Document Type : Original Article


1 Department of Mycobacteriology and Pulmonary Research, Microbiology Research Center, Pasteur Institute of Iran, Tehran, Iran

2 Department of Medical Genetics and Molecular Medicine, Faculty of Medicine, Zanjan University, Zanjan, Iran

3 National Cell Bank, Pasteur Institute of Iran, Tehran, Iran

4 Photo Healing and Regeneration Research Group, Medical Laser Research Center, ACECR, Tehran, Iran


Background: Dopamine and serotonin receptors are present in lymphocytes, macrophages, and neutrophils, and have a mediating role in the immune system to respond to infections, including bacterial tuberculosis.
Materials and Methods: In this study, at first, the changes in the expression pattern of 5 dopamine and 2 serotonin (5HTR2B & 5HTR2C) gene receptors were examined in the two groups of healthy and Tuberculosis patients using Real-Time PCR. Then pharmacogenetic studies aimed to induce autophagy on a lung monocyte cell line (THP1) infected with the standard strain of Mycobacterium tuberculosis (H37RV) were performed.
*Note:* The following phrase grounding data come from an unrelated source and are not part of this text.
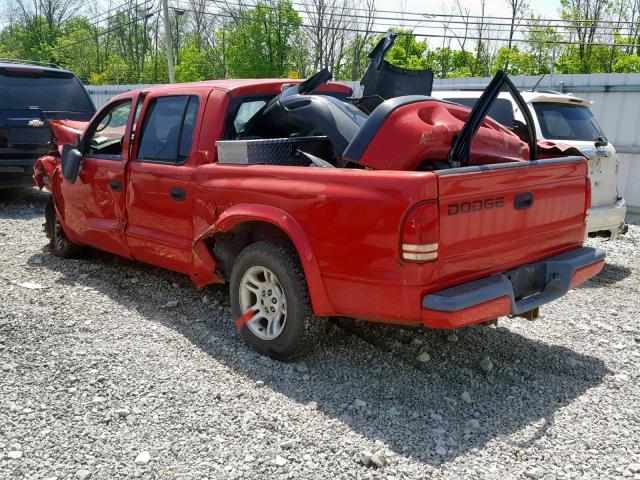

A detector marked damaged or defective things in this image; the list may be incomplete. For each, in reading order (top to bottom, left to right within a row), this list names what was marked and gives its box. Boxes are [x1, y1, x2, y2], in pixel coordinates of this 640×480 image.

crumpled fender [192, 204, 336, 316]
damaged truck bed [33, 64, 604, 360]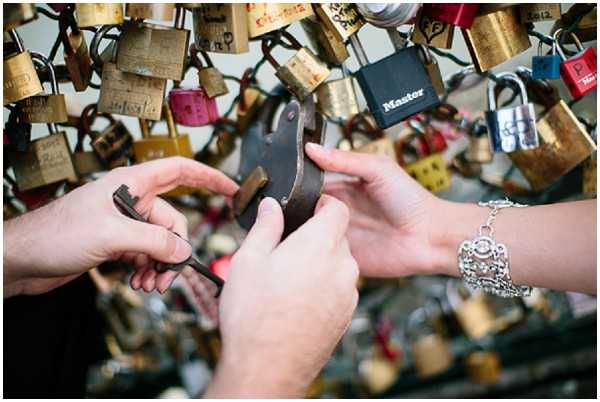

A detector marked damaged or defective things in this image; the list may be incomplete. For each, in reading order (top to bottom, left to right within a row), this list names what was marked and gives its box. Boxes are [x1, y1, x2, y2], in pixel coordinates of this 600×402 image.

old rusty lock [17, 52, 67, 124]
old rusty lock [262, 30, 330, 101]
old rusty lock [234, 86, 326, 237]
Stimulation of the pro-inflammatory pathway by secreting cytokines before and after drug efficacy was investigated.
Results: According to the result, dopamine receptor 2 genes showed decreased expression in patients with tuberculosis compared to normal individuals, and serotonin receptor genes showed increased expression. Additionally, with the effects of Bromocriptine and Fluoxetine, pro-inflammatory pathways were activated in macrophages infected with H37RV, and ELISA results showed that the levels of IL6 and TNFα secreted in these cells were significantly increased.
Conclusion: According to the results, these receptors agonists or antagonists can activate the autophagy pathway to kill TB bacteria.